How to rescale new data base on old MinMaxScale?


I'm stuck with the problem of scaling new data. In my scheme, I have trained and test the model, with all x_train and x_test have been scaled using sklearn.MinMaxScaler(). Then, applying to the real-time process, how can I scale the new input in the same scale of the training and testing data. The step is as below

featuresData = df[features].values # Array of all features with the length of thousands
sc = MinMaxScaler(feature_range=(-1,1), copy=False)
featuresData = sc.fit_transform(featuresData)

#Running model to make the final model
model.fit(X,Y)
model.predict(X_test)

#Saving to abcxyz.h5

Then implementing with new data

#load the model abcxyz.h5
#catching new data 
#Scaling new data to put into the loaded model << I'm stucking in this step
#...

So how to scale the new data to predict then inverse transform to the final result? From my logic, it need to scale in the same manner of the old scaler before training the model.


Solution

  • From the way you used scikit-learn, you need to have had saved the transformer:

    import joblib
    # ...
    sc = MinMaxScaler(feature_range=(-1,1), copy=False)
    featuresData = sc.fit_transform(featuresData)
    
    joblib.dump(sc, 'sc.joblib') 
    
    # with new data
    sc = joblib.load('sc.joblib')
    transformData = sc.transform(newData)
    # ...
    

    The best way to use scikit-learn is merging your transformations with your model. That way, you only save your model that includes the transformation pipe.

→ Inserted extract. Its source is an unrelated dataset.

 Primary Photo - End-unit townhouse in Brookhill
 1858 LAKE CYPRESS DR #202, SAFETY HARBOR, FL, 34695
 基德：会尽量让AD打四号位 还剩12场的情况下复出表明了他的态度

    from sklearn import svm
    from sklearn.preprocessing import MinMaxScaler
    from sklearn.pipeline import Pipeline
    
    
    clf = svm.SVC(kernel='linear')
    sc = MinMaxScaler(feature_range=(-1,1), copy=False)
    
    model = Pipeline([('scaler', sc), ('svc', clf)])
    
    #...
    

    When you do model.fit, first the model will do fit_transform for your scaler under the hood. With model.predict, the transform of your scaler will be involved.